_Goal of the exercise_: Here is the task for the records below: repeat exactly the lines from the one with "Convocare la lotul" to the one with "Bape S-2XL scqx645", both included, and nothing else.
[[ Information given open ]]
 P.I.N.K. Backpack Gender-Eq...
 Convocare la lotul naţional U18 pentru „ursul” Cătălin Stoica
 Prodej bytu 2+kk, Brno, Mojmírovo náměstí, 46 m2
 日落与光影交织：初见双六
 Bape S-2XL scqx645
[[ Information given closed ]]
[[ Information given open ]]
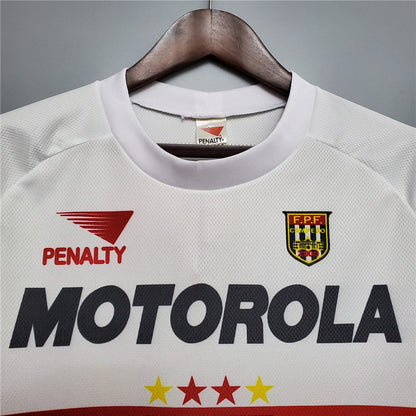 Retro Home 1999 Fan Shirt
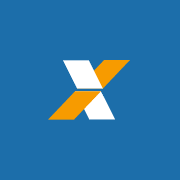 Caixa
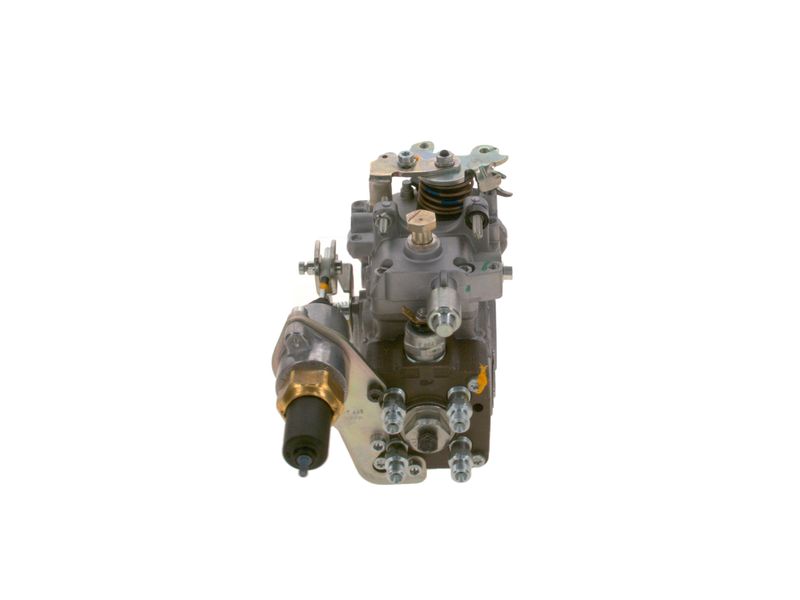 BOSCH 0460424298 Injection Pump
[[ Information given closed ]]
[[ Information given open ]]
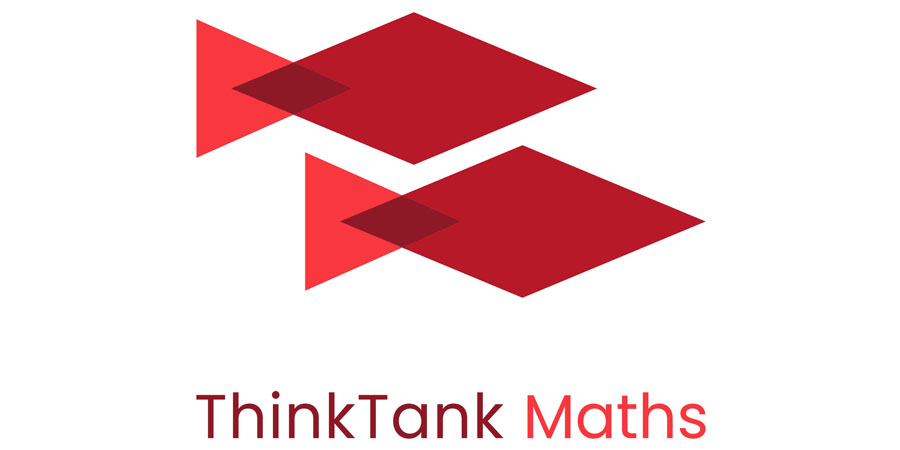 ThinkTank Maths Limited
[[ Information given closed ]]
_Your response_:
 Convocare la lotul naţional U18 pentru „ursul” Cătălin Stoica
 Prodej bytu 2+kk, Brno, Mojmírovo náměstí, 46 m2
 日落与光影交织：初见双六
 Bape S-2XL scqx645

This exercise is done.